[The Republic by Plato]@TWC D-Link bookThe Republic INTRODUCTION AND ANALYSIS 6/474
The Republic of Plato is also the first treatise upon education, of which the writings of Milton and Locke, Rousseau, Jean Paul, and Goethe are the legitimate descendants.
Like Dante or Bunyan, he has a revelation of another life; like Bacon, he is profoundly impressed with the unity of knowledge; in the early Church he exercised a real influence on theology, and at the Revival of Literature on politics.
Even the fragments of his words when 'repeated at second-hand' (Symp.) have in all ages ravished the hearts of men, who have seen reflected in them their own higher nature.
He is the father of idealism in philosophy, in politics, in literature.

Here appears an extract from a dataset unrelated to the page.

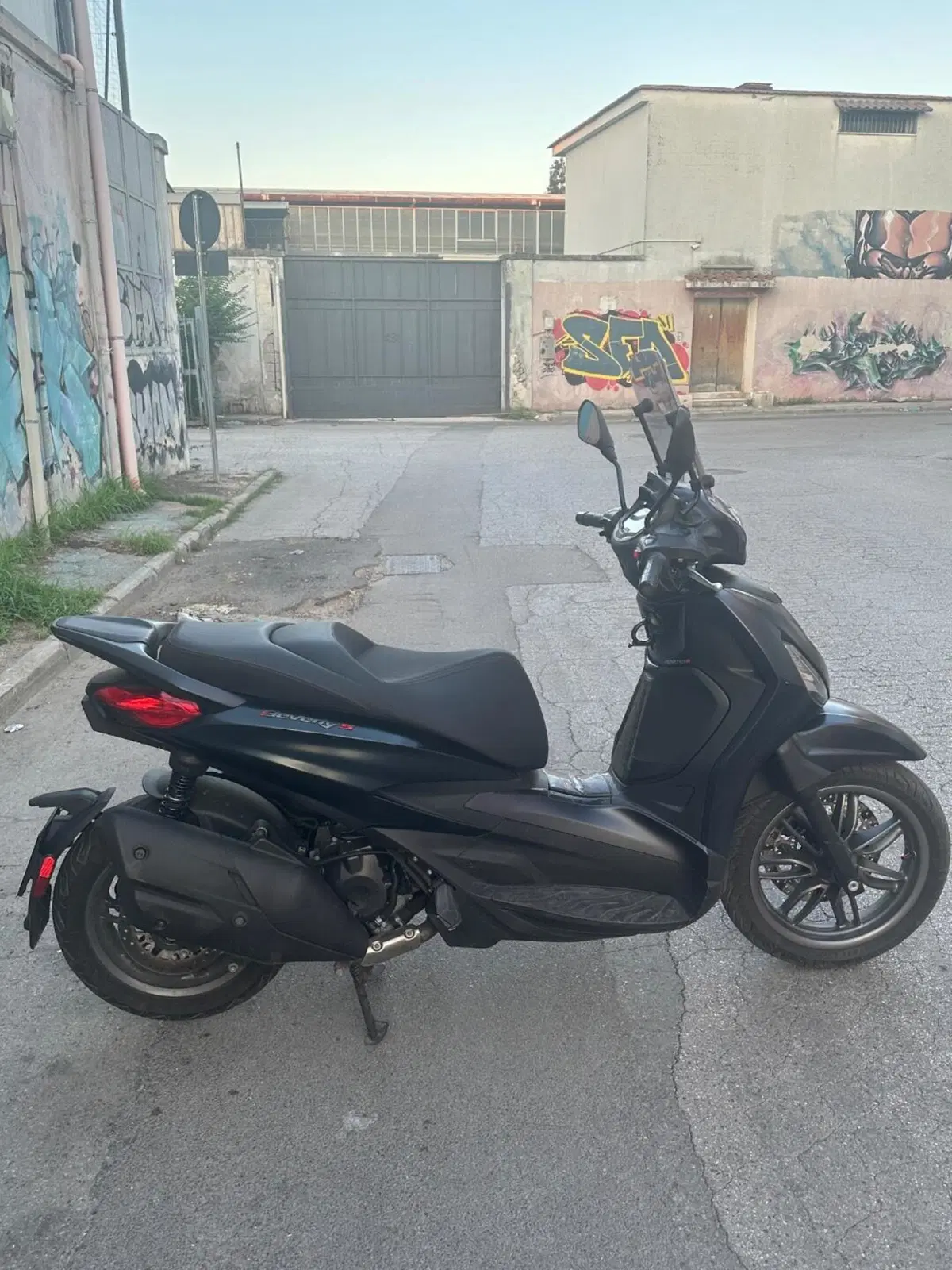Piaggio Beverly 400 ABS-ASR (2021 - 24) (6)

And many of the latest conceptions of modern thinkers and statesmen, such as the unity of knowledge, the reign of law, and the equality of the sexes, have been anticipated in a dream by him. The argument of the Republic is the search after Justice, the nature of which is first hinted at by Cephalus, the just and blameless old man--then discussed on the basis of proverbial morality by Socrates and Polemarchus--then caricatured by Thrasymachus and partially explained by Socrates--reduced to an abstraction by Glaucon and Adeimantus, and having become invisible in the individual reappears at length in the ideal State which is constructed by Socrates.